╭─ Material for the task

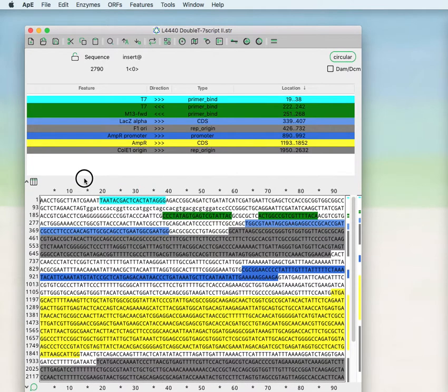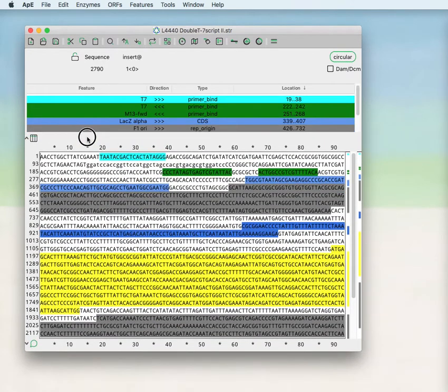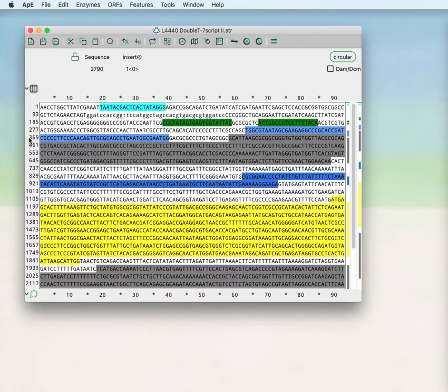You can make this table larger or smaller by dragging here. You can hide this toolbar by clicking here.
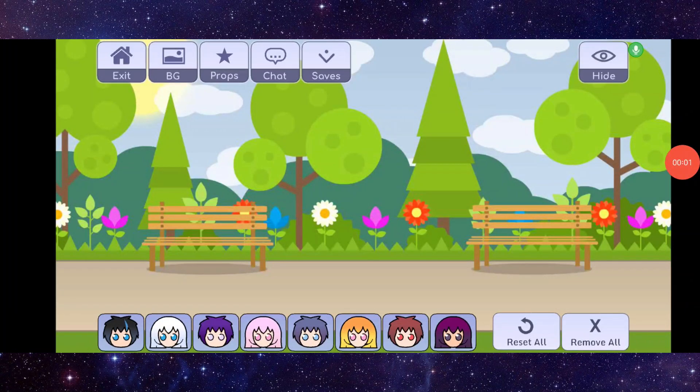Hello and welcome back to my channel. In today's video I will show you how to fix the Gacha Life app problem. So let's get started — here you have to follow this easy step.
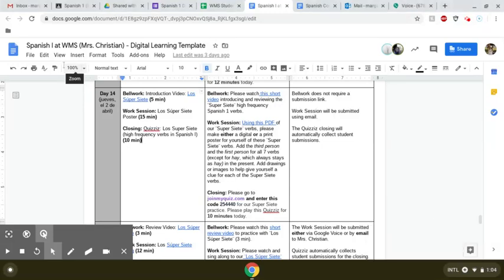Hola chicos, this is the instruction video for day 14 of our digital learning, and in it we are going to be hanging out with some very high frequency verbs called los super siete.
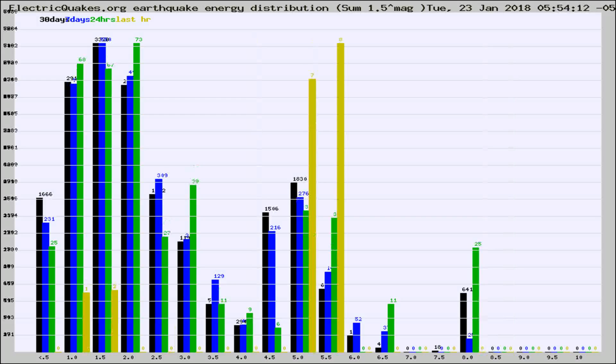Different colored columns are for 30 days, 7 days, 24 hours, and the last hour.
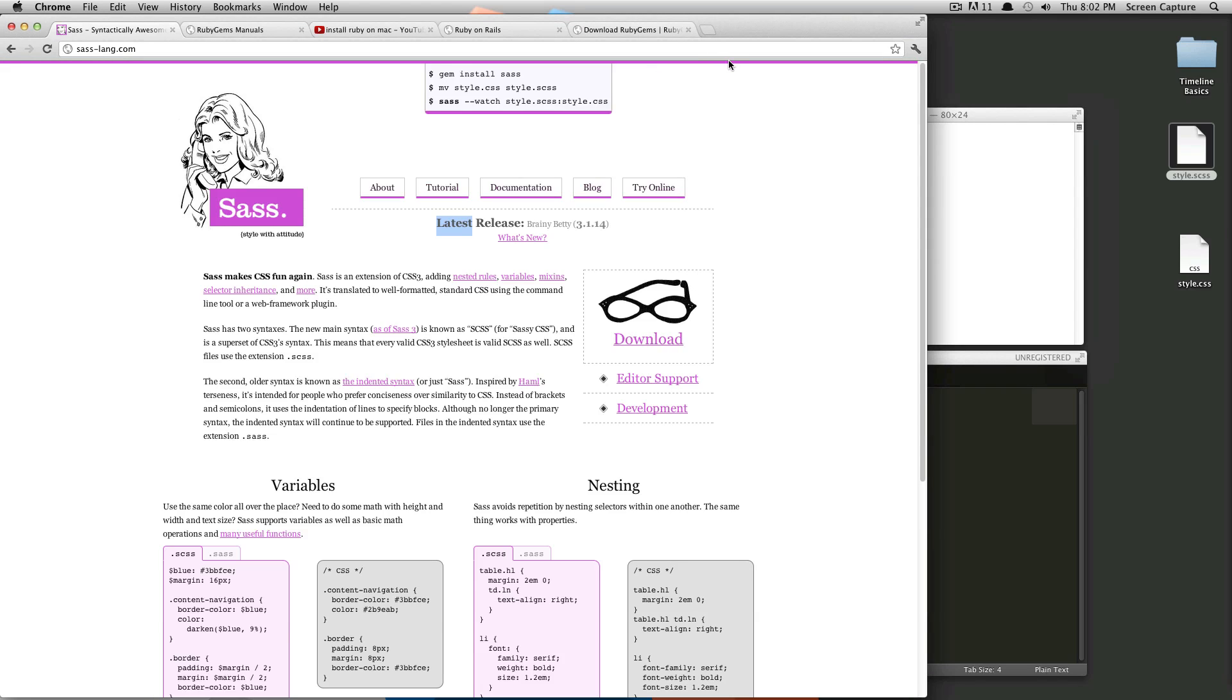Hey, what's up? This is Scott with Level Up Tuts, and today I'm going to be talking about SAS.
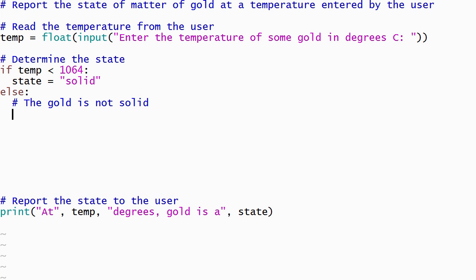When the if statement's condition is true, the body of the if statement executes, and the body of the else statement is skipped. When the if statement's condition is false, the body of the if statement is skipped, and the body of the else statement is executed. When the gold is not solid, we need to do more work to determine if it's a liquid or a gas. This additional work can be performed by nesting a second if-else statement inside the body of the else statement.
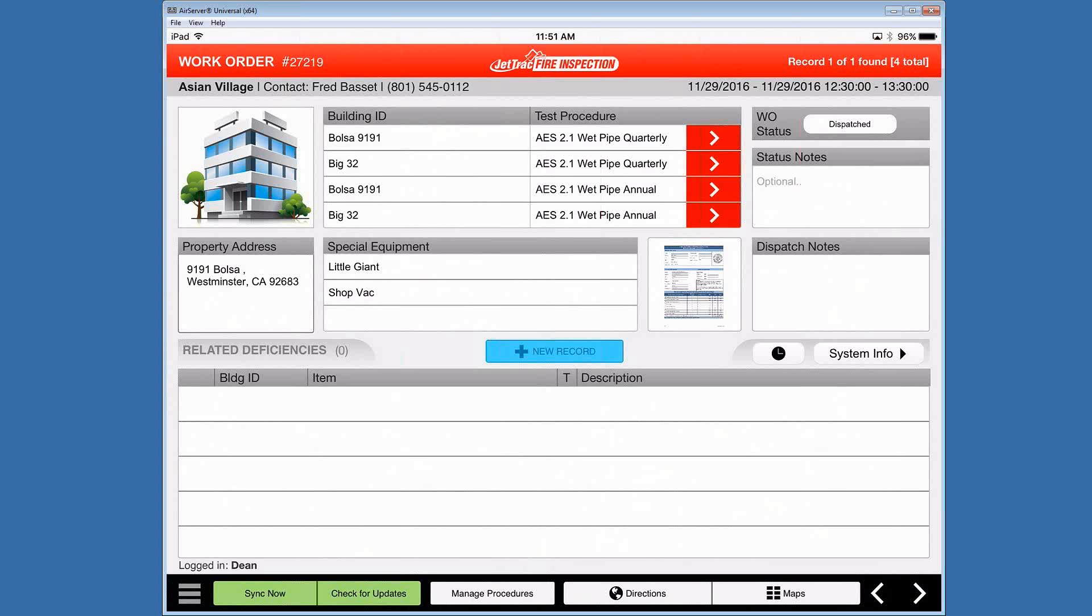Today's topic is test procedures and everything related to the typical steps a fire inspection technician would take in completing a test procedure. Right now we're looking at the layout that we start from typically in a tablet which is our work order.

╰─

What the task requires.
All of the entries above are to be restated word for word, minus the images.

Written answer.
You can make this table larger or smaller by dragging here. You can hide this toolbar by clicking here.
Hello and welcome back to my channel. In today's video I will show you how to fix the Gacha Life app problem. So let's get started — here you have to follow this easy step.
Hola chicos, this is the instruction video for day 14 of our digital learning, and in it we are going to be hanging out with some very high frequency verbs called los super siete.
Different colored columns are for 30 days, 7 days, 24 hours, and the last hour.
Hey, what's up? This is Scott with Level Up Tuts, and today I'm going to be talking about SAS.
When the if statement's condition is true, the body of the if statement executes, and the body of the else statement is skipped. When the if statement's condition is false, the body of the if statement is skipped, and the body of the else statement is executed. When the gold is not solid, we need to do more work to determine if it's a liquid or a gas. This additional work can be performed by nesting a second if-else statement inside the body of the else statement.
Today's topic is test procedures and everything related to the typical steps a fire inspection technician would take in completing a test procedure. Right now we're looking at the layout that we start from typically in a tablet which is our work order.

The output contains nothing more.